Also, the main difference between my script and the example script is in the seeding; I start by determining the starting locations of my floats using previously saved lat/lon coordinates corresponding to all the "coastal" release sites I want to seed from, ie all of the model grid points within 10km of the coast. For each lat/lon coordinate, I seed at depths down to 20m, at intervals of 5m. This is how I end up with ~12,000 floats for a single release time. I construct lists of lon,lat, and z, and then I pass these to o.seed(), along with the single starting time. I then call o.run() with the outfile (and buffer length, for testing) as the only argument, though previously I was also passing "run duration" and the calculation and saving timesteps. No matter the arguments to o.run(), I'd get the same monotonic increases as the run progressed.

For the reader, I used:

his_file_1 = ".../model_output_dir/model_avg_*.nc"
r = reader_ROMS_native.Reader(his_file_1)
o.add_reader(r)

Maybe you can think of another way to test what I'm doing, or I can perhaps send a link to model data from my group and a version of my script that uses that data (I should do this for my own sanity, as well)

knutfrode · 2024-03-12T07:39:17Z

knutfrode
Mar 12, 2024
Maintainer

Could you make one or two of these ROMS files available for testing?
Alternatively, paste here the output from ncdump.
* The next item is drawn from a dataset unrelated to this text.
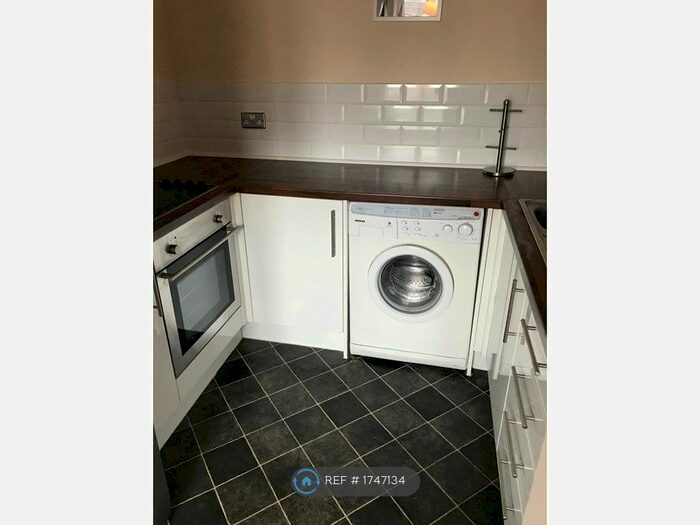 2 Bedroom Flat To Rent In Penny Lane Way, Leeds, LS10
Also it could be useful to see your full script that leads to memory problems.

0 replies

brucelaughlin · 2024-03-12T20:26:20Z

brucelaughlin
Mar 12, 2024
Author

Hi Knut,

Thanks for your continued help. Please let me know if the following link doesn't work:

https://drive.google.com/drive/folders/1SFrCu0EgelI1FoKelTSyaOqxje6Rp0wQ?usp=drive_link

It should take you to a Google Drive folder containing my script, a single ".p" (Pickle) file from which initial lon/lat coordinates of floats are read, and 10 netCDF forcing files from our circulation model.

Otherwise, I can easily paste the script here, if that's best.

Thank you,
Bruce

0 replies

brucelaughlin · 2024-03-20T18:08:59Z

brucelaughlin
Mar 20, 2024
Author

Hi, were you able to look at those files? Everything should run if it's all in the same directory. I'm still unable to get a single seeding of 12000 floats to run for 90 days; see the picture of memory usage, before crashing:

3 replies

brucelaughlin Mar 20, 2024
Author

@knutfrode

brucelaughlin Mar 20, 2024
Author

Here's the same plot, when I use OceanDrift and the standard reader_ROMS_native, again for ~12000 particles seeded once, running for 90 days.

brucelaughlin Mar 20, 2024
Author

In the previous plot from the run that failed, I had a long list of export variables (our model saves a lot of biological variables that I want to track). That run also used my custom model and reader. In the plot here, using OceanDrift and reader_ROMS_native, I don't include an export variable list when calling to o.run().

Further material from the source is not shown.